There is also a great irony, which I only realised after the movie had ended, where Richard Dreyfuss’ character more or less recreates a famous scene he was in from Jaws, but in reverse!

I also do not believe that there is another actor working today who can play an utter douchebag as well as Jerry O’Connell. The man just oozes fuckwittery, and has the kind of face that must act like a magnet for punches. He is every American Jock and British Reebok wearing, up-for-a-fight town centre Saturday night pisshead you’ve ever seen in your life, all rolled up into one oily cunt of a human being. It is almost unthinkable to reconcile the fact that he once plied his trade as the fat kid in Stand By Me or as the goody two shoes Quinn Mallory in the excellent, but underrated sci fi series Sliders, with the fact his bread and butter nowadays is playing a shitheel.

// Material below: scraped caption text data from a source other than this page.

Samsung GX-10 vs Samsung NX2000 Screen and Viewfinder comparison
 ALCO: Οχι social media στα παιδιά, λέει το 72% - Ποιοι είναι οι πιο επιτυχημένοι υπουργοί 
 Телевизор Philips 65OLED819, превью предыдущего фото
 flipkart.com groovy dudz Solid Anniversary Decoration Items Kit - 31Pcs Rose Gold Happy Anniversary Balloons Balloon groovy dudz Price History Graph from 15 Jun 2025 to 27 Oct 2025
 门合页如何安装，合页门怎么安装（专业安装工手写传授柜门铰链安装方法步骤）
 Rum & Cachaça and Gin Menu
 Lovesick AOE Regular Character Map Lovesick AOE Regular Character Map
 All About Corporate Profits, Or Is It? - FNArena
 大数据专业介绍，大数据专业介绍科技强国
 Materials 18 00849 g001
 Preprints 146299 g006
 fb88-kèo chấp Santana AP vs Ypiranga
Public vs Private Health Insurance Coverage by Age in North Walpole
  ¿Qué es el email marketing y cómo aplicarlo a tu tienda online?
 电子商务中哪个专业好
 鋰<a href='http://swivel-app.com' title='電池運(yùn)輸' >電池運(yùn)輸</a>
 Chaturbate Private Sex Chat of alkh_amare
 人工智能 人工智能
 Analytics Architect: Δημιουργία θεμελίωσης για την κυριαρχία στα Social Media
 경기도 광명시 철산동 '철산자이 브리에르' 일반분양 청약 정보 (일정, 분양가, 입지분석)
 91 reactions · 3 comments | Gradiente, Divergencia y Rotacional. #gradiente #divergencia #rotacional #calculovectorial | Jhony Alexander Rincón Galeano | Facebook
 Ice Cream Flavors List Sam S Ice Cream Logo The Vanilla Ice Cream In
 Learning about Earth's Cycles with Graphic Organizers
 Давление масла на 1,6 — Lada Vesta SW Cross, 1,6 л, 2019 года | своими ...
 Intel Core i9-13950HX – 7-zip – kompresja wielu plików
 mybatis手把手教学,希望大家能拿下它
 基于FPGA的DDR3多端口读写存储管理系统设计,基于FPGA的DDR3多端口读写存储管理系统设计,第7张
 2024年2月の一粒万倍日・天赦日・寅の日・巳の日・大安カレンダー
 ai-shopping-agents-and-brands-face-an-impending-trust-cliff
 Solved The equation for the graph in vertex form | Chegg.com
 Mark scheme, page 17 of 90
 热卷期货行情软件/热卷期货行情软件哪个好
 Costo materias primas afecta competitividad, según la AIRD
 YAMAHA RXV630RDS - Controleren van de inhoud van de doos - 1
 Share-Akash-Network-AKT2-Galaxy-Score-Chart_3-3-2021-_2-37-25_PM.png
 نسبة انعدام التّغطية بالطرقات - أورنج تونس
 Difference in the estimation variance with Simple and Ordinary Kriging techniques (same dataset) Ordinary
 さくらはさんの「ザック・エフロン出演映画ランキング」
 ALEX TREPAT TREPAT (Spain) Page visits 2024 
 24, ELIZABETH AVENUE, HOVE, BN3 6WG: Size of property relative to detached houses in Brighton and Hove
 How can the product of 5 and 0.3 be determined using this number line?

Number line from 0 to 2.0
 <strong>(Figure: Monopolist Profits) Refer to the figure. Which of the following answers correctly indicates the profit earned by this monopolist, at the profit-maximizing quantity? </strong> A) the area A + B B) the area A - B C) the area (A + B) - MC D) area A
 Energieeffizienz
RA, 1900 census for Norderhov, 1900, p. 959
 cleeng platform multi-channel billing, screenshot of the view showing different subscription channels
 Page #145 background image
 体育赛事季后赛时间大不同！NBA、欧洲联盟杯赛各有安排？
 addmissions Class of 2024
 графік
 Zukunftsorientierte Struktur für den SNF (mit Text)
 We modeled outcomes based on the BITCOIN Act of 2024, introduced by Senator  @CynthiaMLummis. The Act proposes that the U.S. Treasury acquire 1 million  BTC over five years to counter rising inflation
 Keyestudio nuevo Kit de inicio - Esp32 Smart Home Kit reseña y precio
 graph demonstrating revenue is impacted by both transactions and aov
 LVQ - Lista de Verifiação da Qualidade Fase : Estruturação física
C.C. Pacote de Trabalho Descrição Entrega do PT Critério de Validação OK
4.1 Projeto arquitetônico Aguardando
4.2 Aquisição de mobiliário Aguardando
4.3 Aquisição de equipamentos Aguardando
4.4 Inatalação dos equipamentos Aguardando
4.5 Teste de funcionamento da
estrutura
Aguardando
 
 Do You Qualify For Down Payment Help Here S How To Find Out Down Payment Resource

Some weight is lent to the yarn by having a bit of quality in there. Elizabeth Shue and Ving Rhames are on board as the hero cops and both are great. Nobody in the film plays it like it’s beneath them, or that they are slumming it, and bit parts are filled out with quality b-movie actors like Dina Meyer; And perhaps most shockingly of all, beyond even any of the gory set pieces Aja can set up, is that Kelly Brook is NOT terrible!

The movie succeeds on all fronts. The set pieces and the gore are grisly and the special effects hold up even in 2D. It’s a movie designed as exploitation – exploitation of nudity and gore, and also of technology. It exists to take advantage of the 3D and show it off in the most base and tasteless ways possible. In case you’re mistaking that oxymoron for a criticism, then rest heartily assured that it is not. It is solid gold trash!  Low brow fun of the HIGHEST order. My only regret is that I did not catch this in 3D at the movies. If there is any possibility for you to see this flick in 3D then I would highly recommend it, because as good as it was, in 3D it would have been amazing.